“Ik zou me bedrogen voelen als er geen herdenkingen meer gehouden zouden worden”Op 2 juni vond op de begraafplaats Selwerderhof de jaarlijkse herdenking plaats van hen die vielen in Nederlands-Indië in de periode 1945-1951. Hoewel misschien minder bekend dan de jaarlijkse 4 mei herdenking komt elk jaar een vaste groep mensen naar het Indië monument om hun gevallen kameraden en familie te herdenken. Een van hen is Jan Hummel, secretaris van de Vereniging Indië Militairen in Groningen. De Seniorenkrant Groningen sprak met hem over de oorlog en het herdenken dat blijft.
“Toen ik eenmaal terug was in Nederland, kwam mijn baas de volgende dag al langs. Ik kon gewoon weer aan het werk komen. Anders had ik misschien nog wel weer bijgetekend voor Korea”. Op 18 april 1951 kwam Jan Hummel weerom uit de Oost, terug uit voormalig Nederlands-Indië. Hij mocht als een van de eersten van boord in Amsterdam, hij moest immers nog doorreizen naar Groningen.
Dat gold echter niet voor de 142 gesneuvelde Groningse soldaten: zij bleven achter op de erevelden Menteng Pulo in Jakarta en de Pandoe in Bandoeng. Hun namen staan echter in het Indië monument gegraveerd en worden daar elk jaar herdacht. “En dat is iets dat bij vele veteranen is blijven zitten: waarom hij wel en ik niet?”

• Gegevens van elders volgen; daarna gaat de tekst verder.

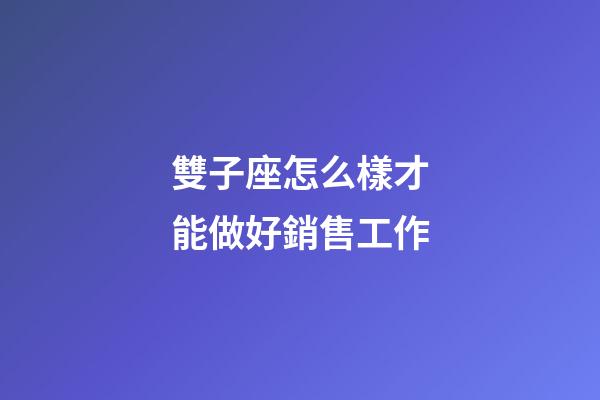 雙子座怎么樣才能做好銷售工作-第1張-星座運勢-玄機派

Jan heeft nog veel herinneringen aan de uitzending. “Op gegeven moment moest ons peloton het bataljon 4-25 overnemen, dat gelegerd lag op een doorgangsroute tussen Oost- en West-Java. Zij waren binnen korte tijd tien, twaalf man verloren. Dan ga je er wel extra voorzichtig heen. Ook op patrouille gebeurden soms rare dingen, die iets deden met je vertrouwen in de mensen. Bewoners van een kampong zeiden wel aardig ‘tabé’, maar op het moment dat we voorbij waren, begonnen ze op ons te schieten van achteren.”
Eenmaal thuis duurde het wel een paar weken voordat de muren niet meer zo op hem af kwamen. Het Nederlandse weer hielp ook niet mee, en ze waren zó gewend aan de ruimte. Nog steeds zit Indië onder zijn huid. “Indië vergat je niet. Je praat er wel over, je hebt contact met andere oud-militairen uit de stad, maar je raakt het niet kwijt. Je leert er langzaam mee omgaan maar je raakt er nooit vrij van. Het blijft in je onderbewustzijn zitten.” Hij gaat nog steeds niet met zijn rug naar de deur zitten. “Je moest altijd zorgen dat je gedekt was, altijd op je hoede zijn voor snipers (sluipschutters).”
Het is alle ellende die hij in Nederlands-Indië heeft meegemaakt, die zorgen dat hij nog steeds, elk jaar, herdenkt. Hij vindt het belangrijk dat er wordt stilgestaan bij de nagedachtenis aan de jongens die niet meer terugkwamen. Maar ook zij die nog dagelijks met het lichamelijke en psychische leed worstelen dat die periode ze bracht, moeten niet vergeten worden. “Ik zou me behoorlijk bedrogen voelen als er een einde komt aan de herdenkingen.”